Do ∃x(Dog(x)) and ∃x(¬Dog(x)) contradict each other?

Question

Formally, ∃x(Dog(x)) and ∃x(¬Dog(x)) look like they contradict each other. However, in the real world,

1. there exist objects which are dogs i.e. ∃x(Dog(x))
2. there exist objects which are not dogs i.e. ∃x(¬Dog(x))

I don't know what I'm getting wrong. I was inspired to ask this question after watching a YouTube video on translating "Not all dogs are happy" to predicate logic. I initially obtained ∃x(Dog(x)∧¬Happy(x)): "there exists an object which is a dog and it's not happy". I'm not sure if this translation is correct either.

Answer 1

in the real world,

1. there exist objects which are dogs i.e. ∃x(Dog(x))
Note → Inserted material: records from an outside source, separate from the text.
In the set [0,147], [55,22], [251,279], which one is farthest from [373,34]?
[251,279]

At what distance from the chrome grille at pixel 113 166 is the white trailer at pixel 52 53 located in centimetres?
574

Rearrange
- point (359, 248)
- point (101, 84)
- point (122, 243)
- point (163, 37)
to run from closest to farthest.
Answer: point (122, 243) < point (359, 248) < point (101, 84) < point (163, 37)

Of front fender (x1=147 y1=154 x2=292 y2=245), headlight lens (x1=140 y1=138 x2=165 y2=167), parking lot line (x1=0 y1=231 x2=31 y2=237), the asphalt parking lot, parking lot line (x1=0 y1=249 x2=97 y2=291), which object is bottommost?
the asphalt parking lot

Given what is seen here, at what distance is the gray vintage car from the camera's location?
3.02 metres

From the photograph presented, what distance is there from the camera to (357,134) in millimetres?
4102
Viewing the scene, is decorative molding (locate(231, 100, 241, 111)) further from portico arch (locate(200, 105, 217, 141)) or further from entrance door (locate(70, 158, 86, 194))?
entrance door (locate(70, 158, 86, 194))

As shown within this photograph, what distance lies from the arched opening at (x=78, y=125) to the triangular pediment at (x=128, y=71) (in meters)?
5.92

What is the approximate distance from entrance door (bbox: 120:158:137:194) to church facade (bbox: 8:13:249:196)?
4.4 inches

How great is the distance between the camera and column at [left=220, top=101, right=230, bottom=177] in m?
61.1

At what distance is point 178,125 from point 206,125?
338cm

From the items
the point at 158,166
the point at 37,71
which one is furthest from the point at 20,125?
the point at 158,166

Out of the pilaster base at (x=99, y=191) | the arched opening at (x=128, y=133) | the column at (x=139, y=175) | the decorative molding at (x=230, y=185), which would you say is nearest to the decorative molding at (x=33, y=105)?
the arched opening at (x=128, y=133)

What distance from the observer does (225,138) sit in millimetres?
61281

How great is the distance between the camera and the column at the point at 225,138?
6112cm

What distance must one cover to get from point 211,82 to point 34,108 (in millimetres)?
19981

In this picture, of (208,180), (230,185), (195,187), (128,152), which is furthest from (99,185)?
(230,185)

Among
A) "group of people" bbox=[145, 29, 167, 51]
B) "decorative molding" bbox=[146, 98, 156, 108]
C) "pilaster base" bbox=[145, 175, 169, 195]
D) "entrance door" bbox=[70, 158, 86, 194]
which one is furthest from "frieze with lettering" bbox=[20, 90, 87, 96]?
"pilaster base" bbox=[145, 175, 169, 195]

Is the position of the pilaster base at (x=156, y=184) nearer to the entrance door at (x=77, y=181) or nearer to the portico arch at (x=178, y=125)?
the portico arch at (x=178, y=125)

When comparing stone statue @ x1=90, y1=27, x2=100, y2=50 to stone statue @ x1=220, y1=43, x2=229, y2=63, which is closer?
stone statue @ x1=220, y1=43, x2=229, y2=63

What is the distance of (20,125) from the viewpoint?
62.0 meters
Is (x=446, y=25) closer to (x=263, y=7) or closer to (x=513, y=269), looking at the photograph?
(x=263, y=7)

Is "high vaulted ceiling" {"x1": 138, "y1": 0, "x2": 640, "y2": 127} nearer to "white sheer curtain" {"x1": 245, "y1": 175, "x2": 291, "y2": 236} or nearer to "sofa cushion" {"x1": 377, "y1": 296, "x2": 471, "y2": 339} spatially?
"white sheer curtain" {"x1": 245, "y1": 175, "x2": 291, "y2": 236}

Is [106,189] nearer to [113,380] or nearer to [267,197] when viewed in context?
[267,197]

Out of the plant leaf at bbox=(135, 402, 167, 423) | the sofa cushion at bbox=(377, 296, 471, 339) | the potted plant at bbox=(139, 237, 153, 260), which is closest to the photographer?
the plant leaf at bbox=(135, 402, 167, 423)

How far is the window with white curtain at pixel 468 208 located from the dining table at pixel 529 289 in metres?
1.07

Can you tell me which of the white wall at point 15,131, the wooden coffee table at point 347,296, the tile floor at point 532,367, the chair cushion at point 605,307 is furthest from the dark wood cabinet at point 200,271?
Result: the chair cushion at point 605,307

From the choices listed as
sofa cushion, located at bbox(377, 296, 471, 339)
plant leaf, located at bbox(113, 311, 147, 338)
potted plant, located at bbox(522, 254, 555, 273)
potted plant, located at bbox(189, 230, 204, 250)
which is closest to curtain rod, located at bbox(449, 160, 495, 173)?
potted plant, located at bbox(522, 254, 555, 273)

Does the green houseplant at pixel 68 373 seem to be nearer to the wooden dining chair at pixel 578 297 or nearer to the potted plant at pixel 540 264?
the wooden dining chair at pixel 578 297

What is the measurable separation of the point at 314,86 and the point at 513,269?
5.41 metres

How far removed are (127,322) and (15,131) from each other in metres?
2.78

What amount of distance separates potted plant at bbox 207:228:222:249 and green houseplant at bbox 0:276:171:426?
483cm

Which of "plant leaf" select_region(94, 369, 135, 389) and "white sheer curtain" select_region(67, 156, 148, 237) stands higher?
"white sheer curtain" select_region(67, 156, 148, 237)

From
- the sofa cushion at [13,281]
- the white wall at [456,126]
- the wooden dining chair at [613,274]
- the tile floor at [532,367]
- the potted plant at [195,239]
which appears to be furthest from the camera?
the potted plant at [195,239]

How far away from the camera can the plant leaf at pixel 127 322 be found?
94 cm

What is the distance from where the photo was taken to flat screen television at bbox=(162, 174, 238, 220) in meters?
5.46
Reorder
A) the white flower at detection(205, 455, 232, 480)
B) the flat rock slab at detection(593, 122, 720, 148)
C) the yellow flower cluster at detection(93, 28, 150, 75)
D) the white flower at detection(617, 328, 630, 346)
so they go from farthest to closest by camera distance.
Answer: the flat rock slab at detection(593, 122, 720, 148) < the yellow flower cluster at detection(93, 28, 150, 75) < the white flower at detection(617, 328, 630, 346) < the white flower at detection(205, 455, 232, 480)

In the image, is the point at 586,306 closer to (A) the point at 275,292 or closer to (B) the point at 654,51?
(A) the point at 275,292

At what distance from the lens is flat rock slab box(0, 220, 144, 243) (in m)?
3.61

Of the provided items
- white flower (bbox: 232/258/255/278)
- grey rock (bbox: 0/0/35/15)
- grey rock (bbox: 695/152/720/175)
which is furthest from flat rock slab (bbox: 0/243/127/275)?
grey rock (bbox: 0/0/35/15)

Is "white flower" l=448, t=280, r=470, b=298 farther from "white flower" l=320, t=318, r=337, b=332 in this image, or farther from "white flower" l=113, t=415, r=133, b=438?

In other words: "something is a dog".

2. there exist objects which are not dogs i.e. ∃x(¬Dog(x))

In other words: "not everything is a dog", i.e., ¬∀x(Dog(x)).

Formally, ∃x(Dog(x)) and ∃x(¬Dog(x)) look like they contradict each other.

As you have demonstrated above, $(1)$ and $(2)$ are in fact consistent with each other; so, they certainly do not contradict each other.

To be clear: the negation of $(2)$ is ∀x(Dog(x)) rather than $(1)$.

Answer 2

A contradiction is a well-formed formula of the form

$$P \wedge \neg P $$

So, if we know $P$ and want to derive a statement that contradicts $P$, then we simply need to determine $\neg P$. With this in mind, if we let the proposition $P : \exists x Dx$ where $Dx : $ "$x$ is a dog" and the domain is the set of all things, then

$ \begin{array}{llll} \neg P \\ \neg \exists x Dx & \text{by definition of $P$} \\ \forall x \neg Dx & \text{by DeMorgan's Law for Quantifiers} \\ \end{array} $

Hence, the formulas $\exists x Dx$ and $\forall x \neg Dx$ contradict each other. This becomes more apparent when we consider their translations

$ \begin{array}{llll} \exists x Dx : & \text{There exists at least one $x$ such that $x$ is a dog.} \\ \forall x \neg Dx : & \text{For every $x$, it's not the case that $x$ is a dog.} \end{array} $

In short, we're saying "there exists a dog" and "there are no dogs" in the domain, respectively. Obviously, these two formulas are inconsistent, so a conjunction of the two will always be false.

Your translation of "not all dogs are happy" is correct. First, notice the statement is actually the negation of a universal statement stating "all dogs are happy." Given

$ \begin{array}{llll} Dx: & \text{$x$ is a dog} \\ Hx: & \text{$x$ is happy} \end{array} $

we translate "all dogs are happy" as $\forall x [Dx \to Hx]$. In other words, "for every $x$, if $x$ is a dog, then $x$ is happy." The negation of this formula is as follows

$ \begin{array}{llll} \neg \forall x [Dx \to Hx] \\ \exists x \neg [Dx \to Hx] & \text{DeMorgan's Law for Quantifiers} \\ \exists x \neg [\neg Dx \vee Hx] & \text{Implication Rule} \\ \exists x [\neg\neg Dx \wedge \neg Hx] & \text{DeMorgan's Law} \\ \exists x [Dx \wedge \neg Hx] & \text{Double Negation Elimination} \\ \end{array} $

which reads as "there exists at least one $x$ such that $x$ is a dog and $x$ is not happy."